Could use some entertainment

I’m using this mix for writing these days – combining blog writing with outlines and the maps. The order of creation is the opposite of that. It’s sketch book > map > outline > text. CLICK TO ENLARGE

For a while now I’ve been thinking and working from a question of finding “A populism I can stand behind.” [1]

These are hard days for populism – it’s getting called out for a lot. Specifically, a combination of the Fords (who are totally populist), Andrea Horwath’s campaign for the NDP and in “what’s wrong with Canadian theatre” conversations.

In the last two, the distinction between populist and middle-of-the-road is missing but very important. They are different – not necessarily mutually exclusive, but different. The malaise in both Horwath and the theatre feel more about middle-of-road-ness that populist.

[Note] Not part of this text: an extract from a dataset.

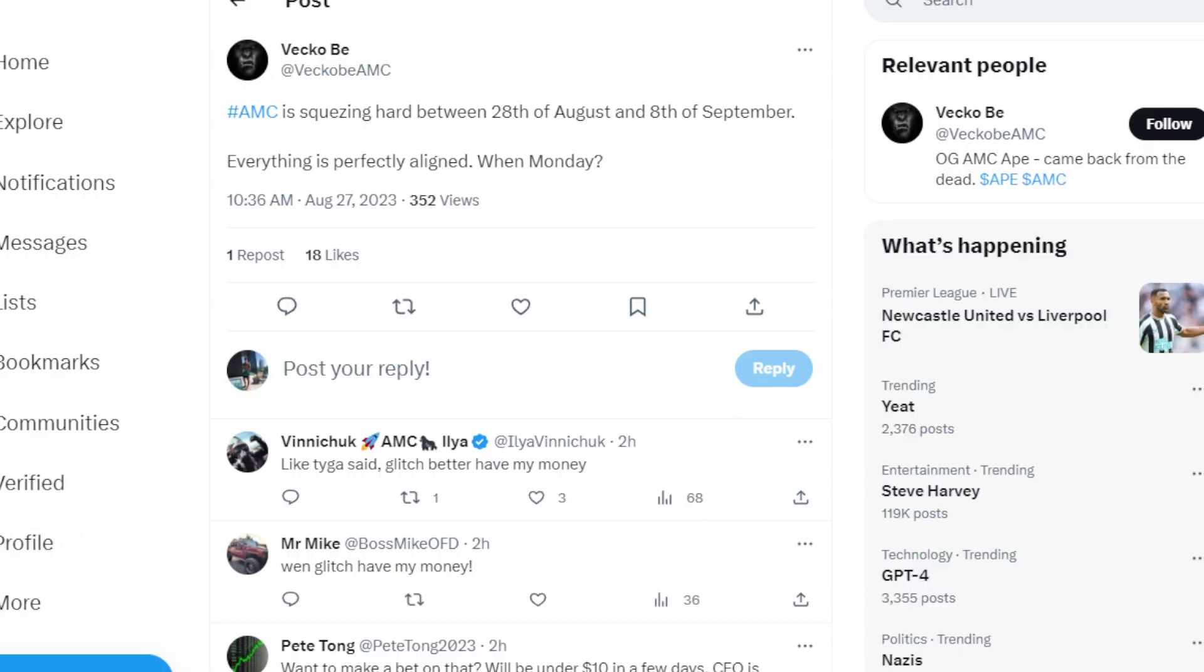This ape says AMC is squeezing hard between the 28th of August and the 8th of September. Everything is perfectly aligned. Now of course there's no way to tell if and when AMC is going to squeeze.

I’m in favour of populism – or at least want to complicate and include it in my work making theatre and stuff.

The outline


  • is a form
  • a set of patterns
  • and behaviours
  • has been used
    • by all political stripes
    • for good
    • for bad
    • I don’t want to surrender
    • strategies
    • tactics
    • to people I don’t want to win
      • cf. a desire for the religious left

Populism requires:

  • Supportive audience
    • different from large
  • from Ernesto Laclau :
    • Argentine political thinker. 1935–2014
  • Of it’s time and place.
    • Populism is specific in its broadness. “TV” is a place. There are many places on the internet. Neighbourhoods and groups of people-who-all-like-a-certain-thing are places. And timing is important.
  • Uses Rhetoric
    • Caring about language in how it persuades, seduces and changes opinions. Being ok with using “devices” and craft. Even if it doesn’t totally articulate your special flower-ness. Often this results in fairly simple language.
  • Aspirational
    • Going somewhere different and better. That can be change – “Stop the Gravy Train” is certainly an aspirational slogan. As is “Yes We Can!”
  • Vague
    • Vagueness is the big tent.
    • Solidarity, especially in the large social, requires generosity of vagueness
    • or we end in ego of small differences
    • Laclau says “politics is vagueness”
  • Repetition
    • Now say that thing a lot.
    • Every chance you get.
    • Stay on the specifically rhetorical aspirational message.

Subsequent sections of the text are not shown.